Rather than doing them for you, I'll guide you through problem number three and have you do the rest. Problem one may look tough, but it's rather simple if you know properties of exponents and logs.

Alrighty, problem number three:

\(x + y = -2\)

\(y+4x=x^2\)

So, using substitution, we want to get one of the equations to start as either **y= **or **x=**. I'll just pick the first equation and make it start with **y=**.

\(x +y = -2 \Rightarrow x + y -x = -2 - x \Rightarrow y = -2-x\)

So, now our system looks like this:

\(y=-2-x\)

\(y+4x=x^2\)

Now let's work on the second equation in our system. Since we know that y = -2 - x, we can just plug that in whenever we see a y in equation two:

\(y+4x = x^2 \Rightarrow (-2-x) + 4x = x^2 \)

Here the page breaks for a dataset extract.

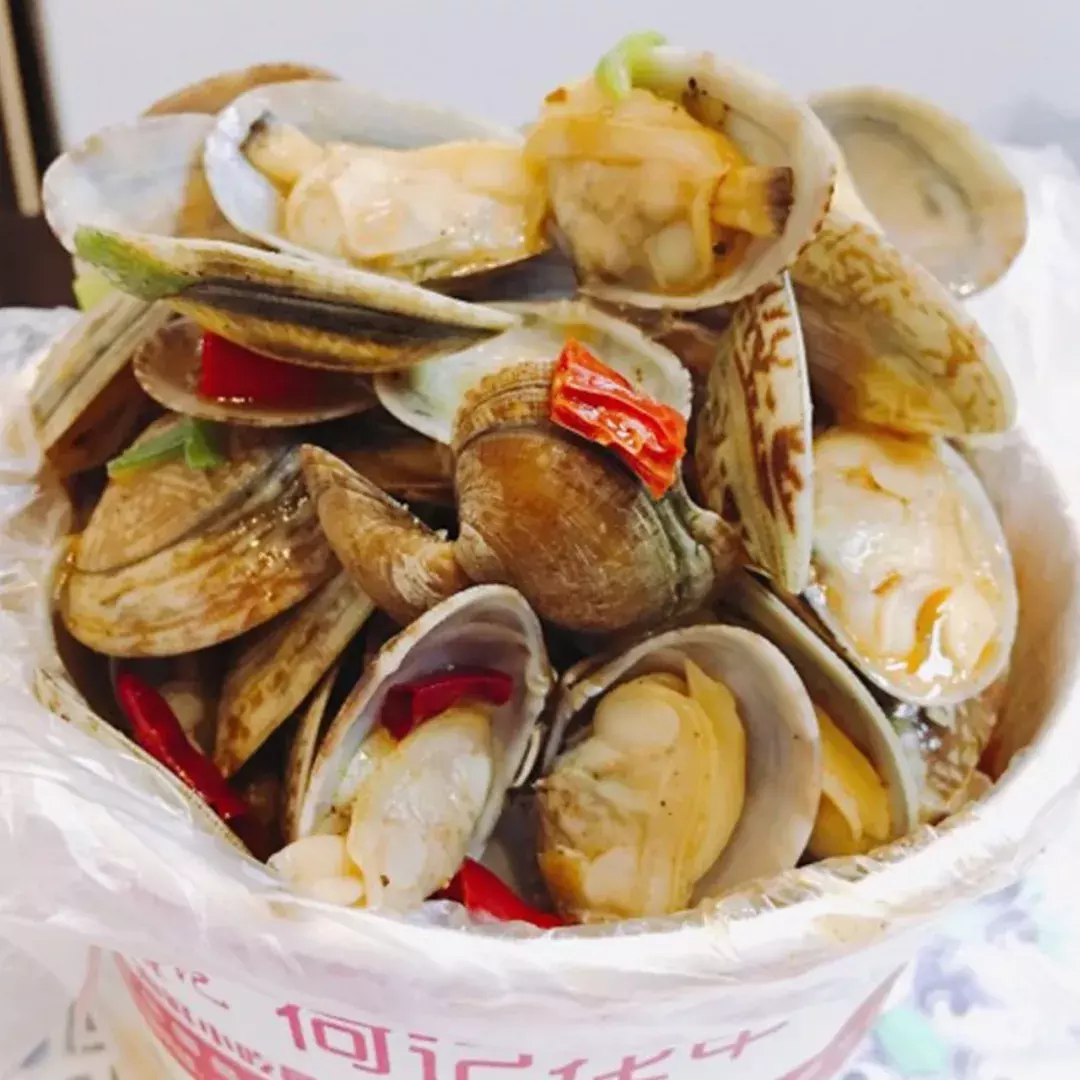 “我们大学有条美食黑街，10块吃到撑！” “惹不起，惹不起！”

Woohoo! All x's! Let's simplify this to get our x-values now.

\(-2-x+4x = x^2 \Rightarrow -2 + 3x = x^2 \Rightarrow 0 = x^2-3x+2\) -->Now we factor

\(0 = x^2 -3x +2 \Rightarrow 0 = (x-2)(x-1) \Rightarrow 0 = x-2, 0 = x-1 \Rightarrow x=2, x=1\)

So, we've got our two x-values! Neat! Now let's go back to equation 1 and find our y-values using those nifty x-values we just found.

\(y = -2 -x\Rightarrow y = -2 - 2, y = -2 - 1 \Rightarrow y= -4, y = -3\)

So, we've got two x-values and two y-values; now we just put them together and we've got two nice ordered pairs as answers!

Pair 1: (2, -4)

Pair 2: (1, -3)

The other 2 follow the same process as this, just some different algebra to find your values.